Não concebo que possamos lidar com diagnóstico e tratamentos para o câncer sem o exercício da fé e espiritualidade. Frequentemente sou interpelado com perguntas sobre a minha religiosidade e na grande maioria das vezes respondo de forma esquiva, pois considero que nenhuma religião é mais certa do que a outra. Creio que para cada um, a sua escolha religiosa serve como a opção mais acertada e deve ser respeitada. As religiões são o homônimo das cores de um arco íris, onde cada uma representa uma cor e a espiritualidade e fé são como uma calorosa e envolvente cor branca, onde não há diferenças e nem segregacionismos entre as pessoas.

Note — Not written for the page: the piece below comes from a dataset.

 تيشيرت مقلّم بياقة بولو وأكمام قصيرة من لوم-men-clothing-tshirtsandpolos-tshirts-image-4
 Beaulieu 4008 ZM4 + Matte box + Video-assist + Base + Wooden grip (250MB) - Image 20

É preciso fortalecer nosso espírito com todos os sentimentos e ações que nos deixam melhor e mais firmes. Desta maneira creio que não preciso induzir alguém a acreditar numa religião ou outra, mas permitir que cada crença seja respeitada e fortalecida para que ela seja mais uma arma no tratamento do câncer.
Finalmente creio que nesse sentido o papel do médico é de extrema importância, pois o tratamento e cura da doença dependem da confiança estabelecida entre o paciente e seu tratador e do fortalecimento da fé que ele pode incutir nos seus pacientes. Neste processo não há ganhadores ou perdedores e nem heróis. Os médicos também processam suas espiritualidades a cada paciente atendido, servindo como combustível para os próximos a serem tratados. Compreendo que a cada contato e encontro entre médico e paciente acontece uma simbiose que alimenta um ao outro.
A espiritualidade é sem dúvida alguma uma potência extra ao desempenho do tratamento oncológico. Como fazer com que ela fique melhor? Rodeie-se de sentimentos positivos, boas relações sociais, desprenda-se de suas frustrações, passeie, viaje, intensifique toda ação que lhe deixe uma sensação boa (ir ao cinema, ler um livro, reencontrar os seus amigos e tantas outras coisas!) e sobretudo respeitemos as crenças dos outros.